(Source records)
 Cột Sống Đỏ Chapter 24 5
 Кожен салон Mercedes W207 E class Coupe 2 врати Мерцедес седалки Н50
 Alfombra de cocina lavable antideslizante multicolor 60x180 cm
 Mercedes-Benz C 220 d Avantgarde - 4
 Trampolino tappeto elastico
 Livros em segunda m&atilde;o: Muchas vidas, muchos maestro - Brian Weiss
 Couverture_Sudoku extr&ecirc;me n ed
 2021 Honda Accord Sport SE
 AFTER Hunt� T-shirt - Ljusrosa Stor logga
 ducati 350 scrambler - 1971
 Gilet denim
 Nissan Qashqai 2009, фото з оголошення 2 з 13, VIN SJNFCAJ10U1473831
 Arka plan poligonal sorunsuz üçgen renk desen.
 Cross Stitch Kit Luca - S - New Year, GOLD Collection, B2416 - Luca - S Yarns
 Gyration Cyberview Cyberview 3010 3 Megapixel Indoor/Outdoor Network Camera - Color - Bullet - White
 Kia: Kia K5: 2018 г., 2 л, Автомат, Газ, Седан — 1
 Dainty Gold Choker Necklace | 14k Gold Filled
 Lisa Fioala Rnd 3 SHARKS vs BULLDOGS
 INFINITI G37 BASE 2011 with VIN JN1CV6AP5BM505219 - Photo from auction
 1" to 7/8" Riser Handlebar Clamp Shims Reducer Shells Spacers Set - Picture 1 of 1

# Work order
Start at the line containing "Mercedes-Benz C 220 d Avantgarde - 4" and transcribe through the end of the entries. Please keep both ends and add nothing.

# Response area
 Mercedes-Benz C 220 d Avantgarde - 4
 Trampolino tappeto elastico
 Livros em segunda m&atilde;o: Muchas vidas, muchos maestro - Brian Weiss
 Couverture_Sudoku extr&ecirc;me n ed
 2021 Honda Accord Sport SE
 AFTER Hunt� T-shirt - Ljusrosa Stor logga
 ducati 350 scrambler - 1971
 Gilet denim
 Nissan Qashqai 2009, фото з оголошення 2 з 13, VIN SJNFCAJ10U1473831
 Arka plan poligonal sorunsuz üçgen renk desen.
 Cross Stitch Kit Luca - S - New Year, GOLD Collection, B2416 - Luca - S Yarns
 Gyration Cyberview Cyberview 3010 3 Megapixel Indoor/Outdoor Network Camera - Color - Bullet - White
 Kia: Kia K5: 2018 г., 2 л, Автомат, Газ, Седан — 1
 Dainty Gold Choker Necklace | 14k Gold Filled
 Lisa Fioala Rnd 3 SHARKS vs BULLDOGS
 INFINITI G37 BASE 2011 with VIN JN1CV6AP5BM505219 - Photo from auction
 1" to 7/8" Riser Handlebar Clamp Shims Reducer Shells Spacers Set - Picture 1 of 1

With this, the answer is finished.